[Source records]

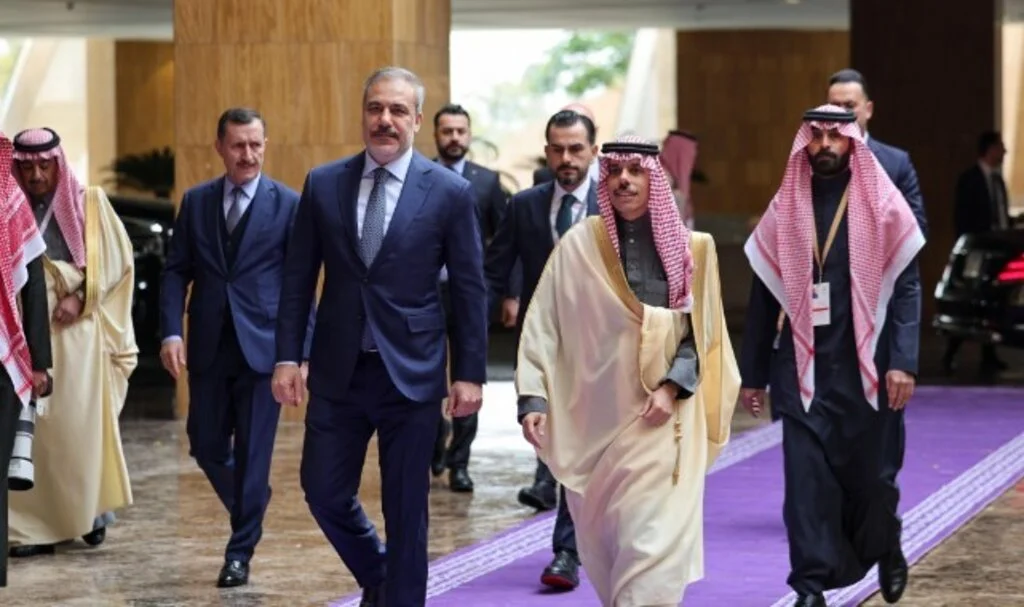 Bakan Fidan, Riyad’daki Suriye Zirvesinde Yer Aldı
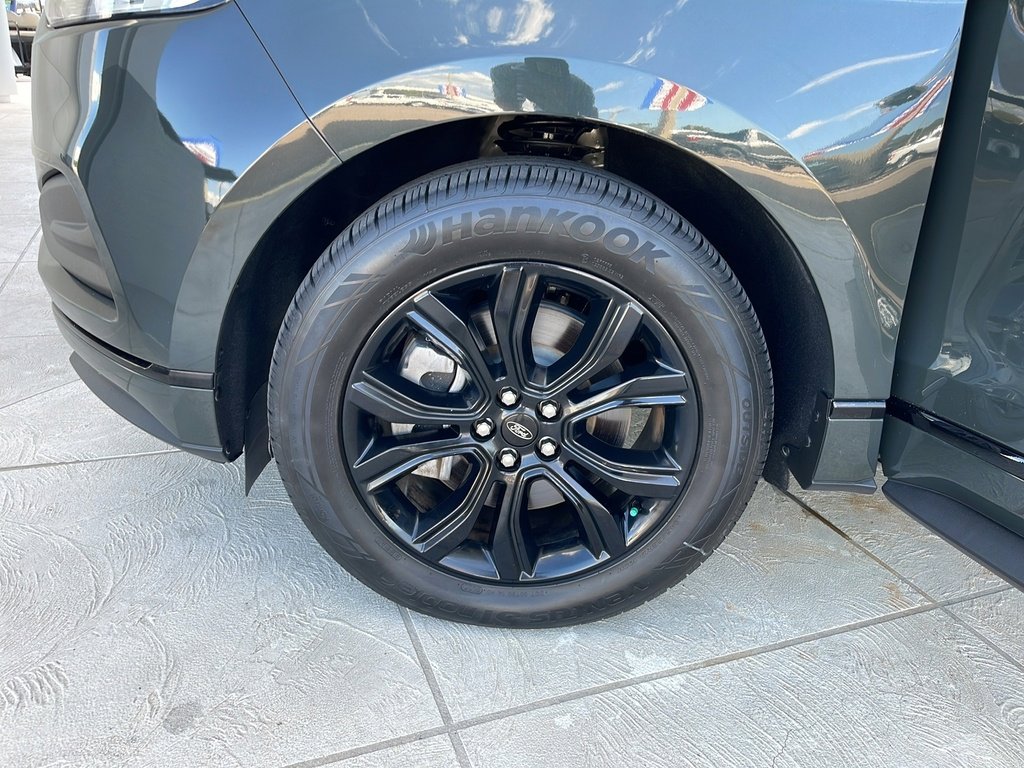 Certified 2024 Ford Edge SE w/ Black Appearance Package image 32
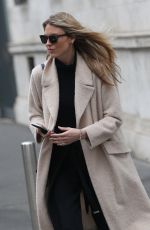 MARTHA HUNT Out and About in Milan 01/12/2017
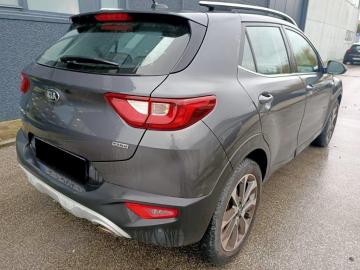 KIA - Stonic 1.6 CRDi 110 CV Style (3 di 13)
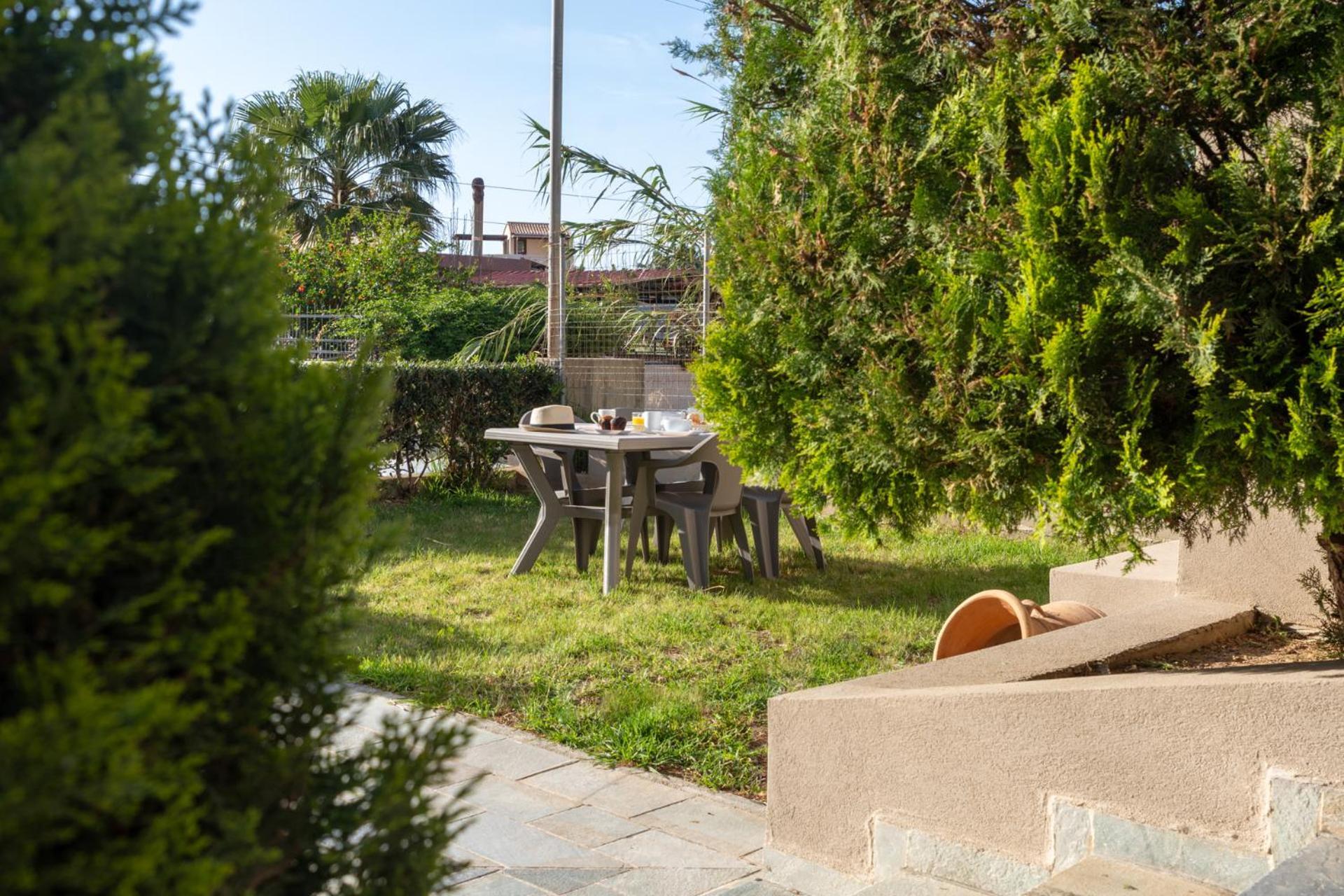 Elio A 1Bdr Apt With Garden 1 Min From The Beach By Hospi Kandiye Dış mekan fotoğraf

> **TASK GOAL**
Starting with the top line, write out all the data above exactly; keep the pictures out.

> **OUTPUT**
 Bakan Fidan, Riyad’daki Suriye Zirvesinde Yer Aldı
 Certified 2024 Ford Edge SE w/ Black Appearance Package image 32
 MARTHA HUNT Out and About in Milan 01/12/2017
 KIA - Stonic 1.6 CRDi 110 CV Style (3 di 13)
 Elio A 1Bdr Apt With Garden 1 Min From The Beach By Hospi Kandiye Dış mekan fotoğraf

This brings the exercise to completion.